# TASK DESCRIPTION:
Leave out every picture, and return exactly the lines from the line containing "Strata Ring Ring Ash Design" through the end of the records below, both inclusive.

Captioned web images:
↓

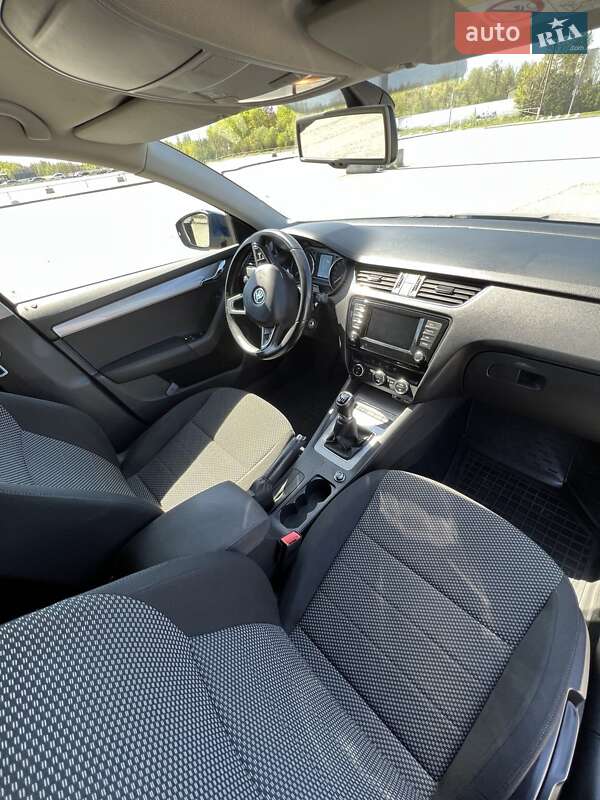 Универсал Skoda Octavia 2016 в Львове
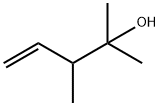 2,3-DIMETHYL-4-PENTEN-2-OL Structure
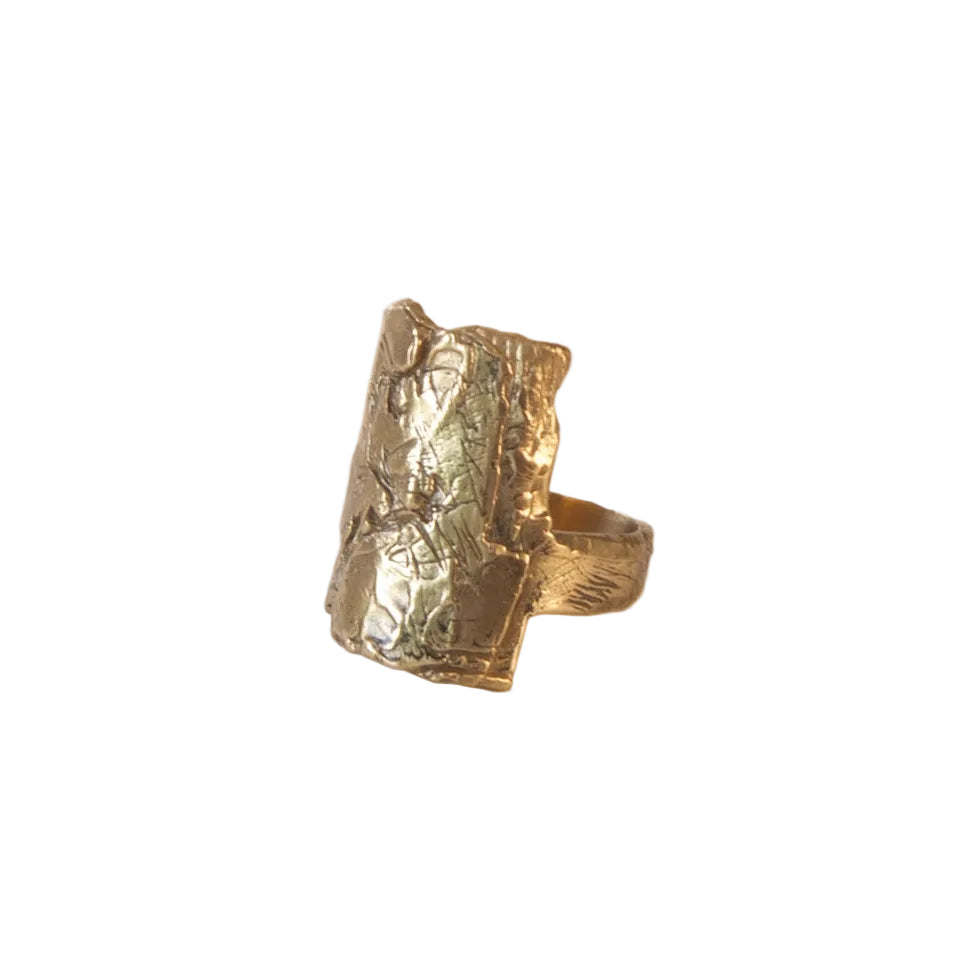 Strata Ring Ring Ash Design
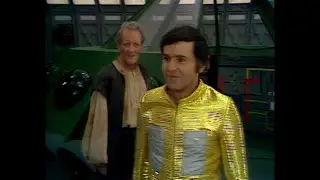 The Starlost: Walter Koenig as ORO + 2001's Keir Dullea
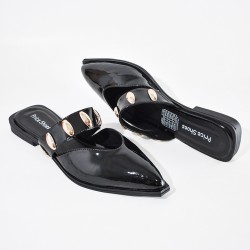 Price Shoes Sandalias tipo mule para Mujer 182MS268NEGRO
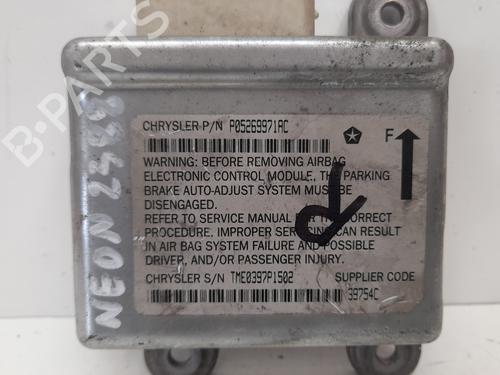 Airbag module CHRYSLER NEON (PL) 2.0 16V (133 hp) 12813096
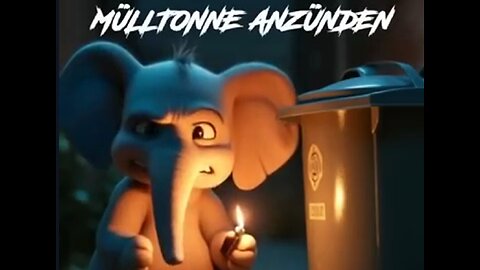 🚨🥔🪠🧠📢👉DER KLEINE ANTIFANT !(●'◡'●)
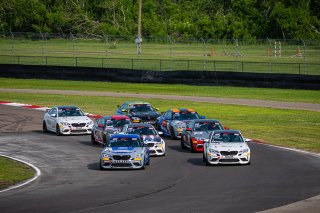 SRO America, New Orleans Motorsports Park, New Orleans, LA, May 2022.#1 BMW M2 CS (Cup) of Jacob Ruud, Fast Track Racing, TC America, TCX
 | SRO Motorsports Group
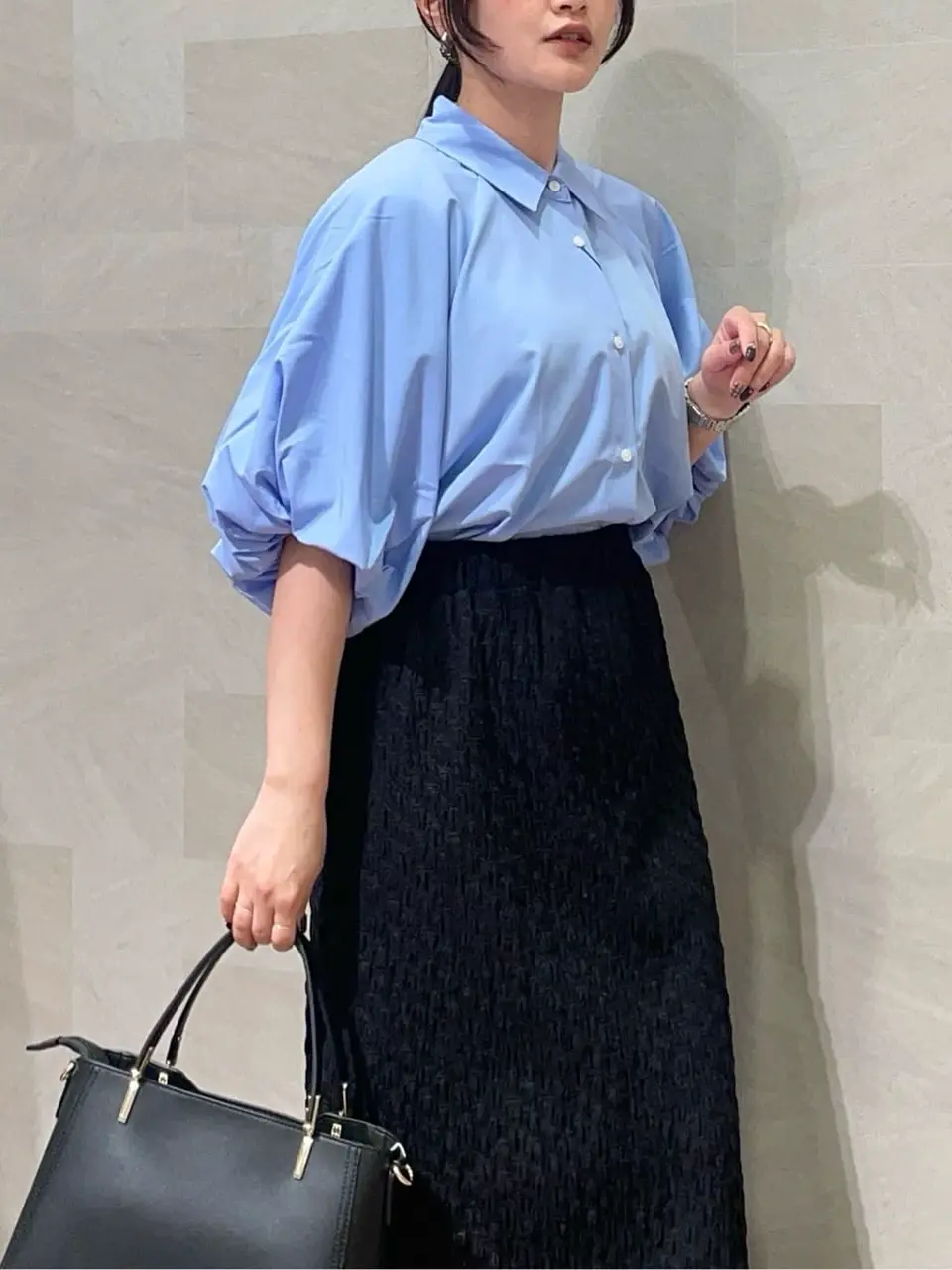 ONWARD CROSSET SELECT 一星 コーディネート画像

↑

# SOLUTION FOR THIS PROBLEM:
 Strata Ring Ring Ash Design
 The Starlost: Walter Koenig as ORO + 2001's Keir Dullea
 Price Shoes Sandalias tipo mule para Mujer 182MS268NEGRO
 Airbag module CHRYSLER NEON (PL) 2.0 16V (133 hp) 12813096
 🚨🥔🪠🧠📢👉DER KLEINE ANTIFANT !(●'◡'●)
 SRO America, New Orleans Motorsports Park, New Orleans, LA, May 2022.#1 BMW M2 CS (Cup) of Jacob Ruud, Fast Track Racing, TC America, TCX
 | SRO Motorsports Group
 ONWARD CROSSET SELECT 一星 コーディネート画像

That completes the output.